NEW CELEB TREND: KABBALECTOMIES
Looks like I'll be getting my name back. Both Madonna and Britney (or as Madge likes to call her, Mini-Me) are unhappy with the celebrity trend they helped to create, and are now abandoning their "Jewish enlightenment."
I guess we'll see how successful that Rosh Hashanah Kabbalah trip to Israel is. (I guess Donna Karan and Marla Maples are still going...)
DUDE, WHERE'S MY DONATION?
Madonna demands an accounting of where her donations to the Kabbalah Centre have gone--apparently, she had designated them for certain projects, and suspects that her funds are being misused. As a donor, she should absolutely be entitled to this information. As far as I'm concerned, if she doesn't get it, she should become disenchanted with the whole thing.
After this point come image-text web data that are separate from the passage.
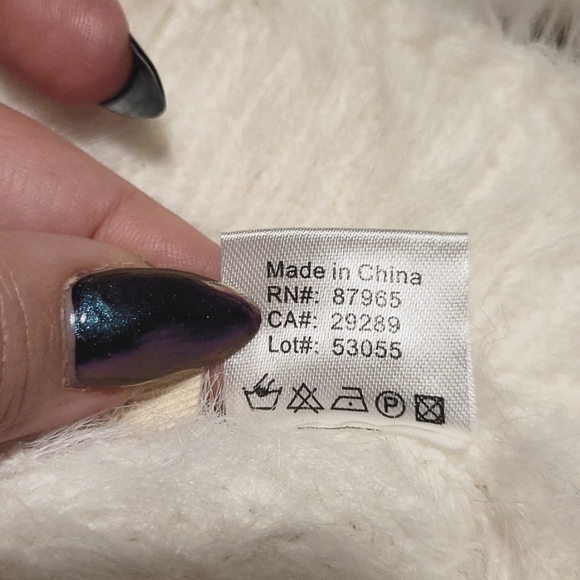 Elan Fuzzy Knitted Cutout Crop Sweater white - Picture 6 of 6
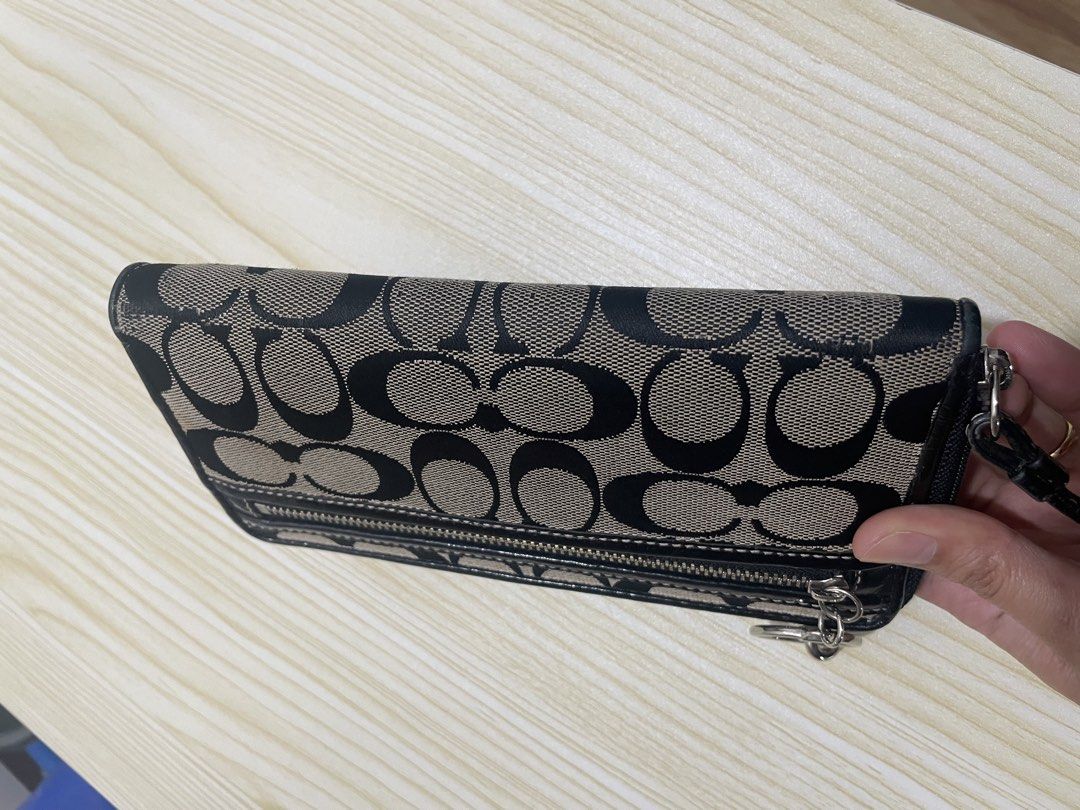 Coach wristlet & Michael Kors jet set (Category: Luxury Bags & Wallets) located in Pasay City. Submitted by rdxjapan_est.2023 (Listing ID 1462405123, Image 3). Description: Coach wristlet & michael kors jet set aspack 4800 shipped. Super discounted na po baka tumawad ka pa.🤗 Original bought in Japan 🇯🇵 Minor flaw only check photos na lang, sa wallet minor rubs lang, super goods pa. 📍Pasay & Bulacan.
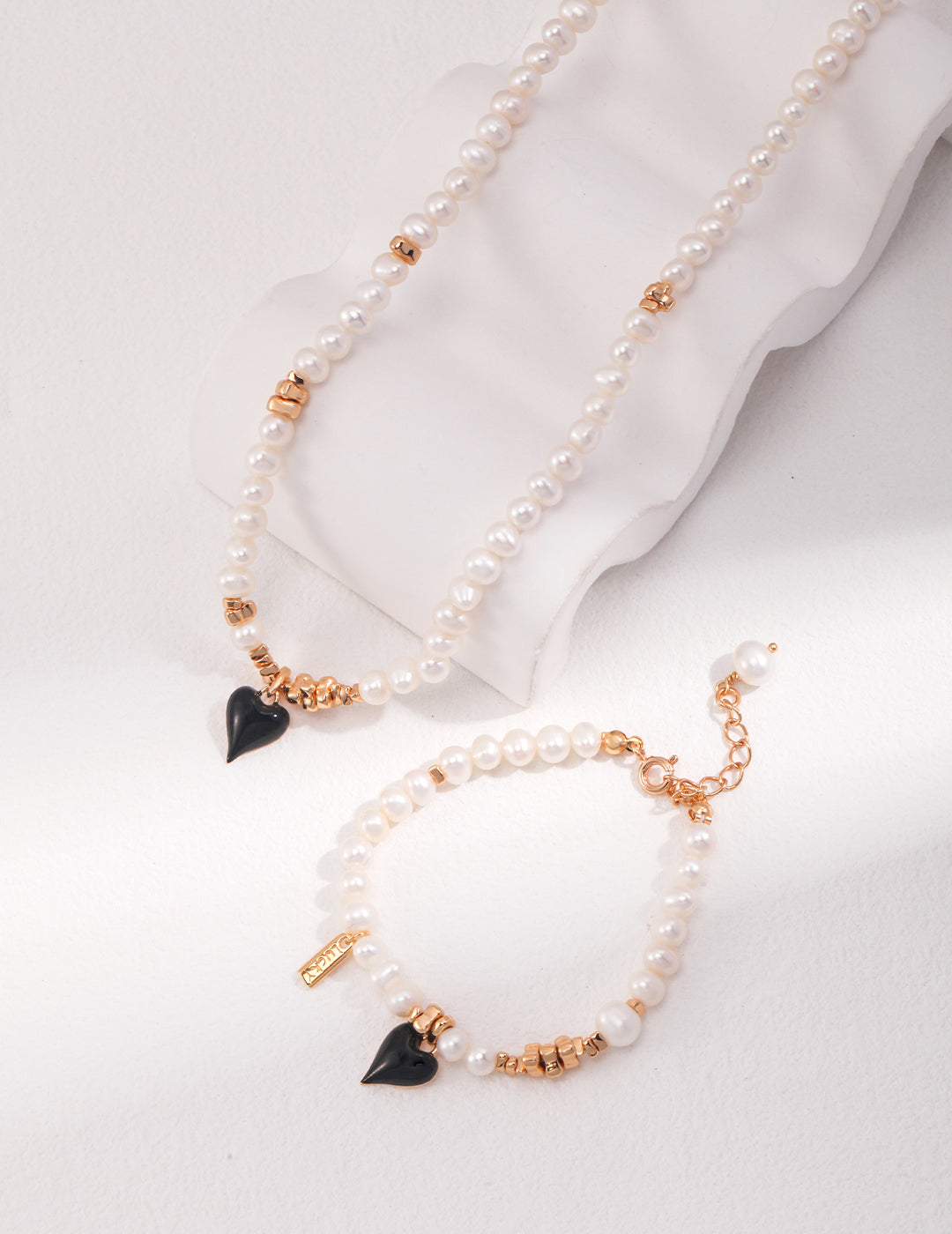 Heart of Pearl Necklace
Maybe Tom Cruise and John Travolta are looking for a third megastar over at the Church of Scientology.
NOT A GIRL, NOT YET A WOMAN (BUT DEFINITELY ANNOYING)
Britney's Christian parents are sighing with relief that their daughter has given up her somewhat insane (not to mention totally invented and historically unprecedented) idea of getting married in a "Kabbalah ceremony." Plus, Brit-fiance and daddy-of-another-woman's-child Kevin Federine is Catholic, so this new development pleases both sides. And anyone who's been privy to wedding preparations knows how rare that can be...
"PAGING DEMI AND ASHTON..."
Kids, there's still room in the escape pod for you guys. Seats are going fast, so reserve your spots now!
Inspired by Jewschool.
2 Comments:
Hi - amused by this (and other entries) and thanks for pointing me in the direction of A Fish....
Gilly
She's too late. She can't take her name back, because I already took it. If she abandons the Kabbalah, she'll have to pick yet another new name.
Maybe she'll just change her name to a symbol, like Prince?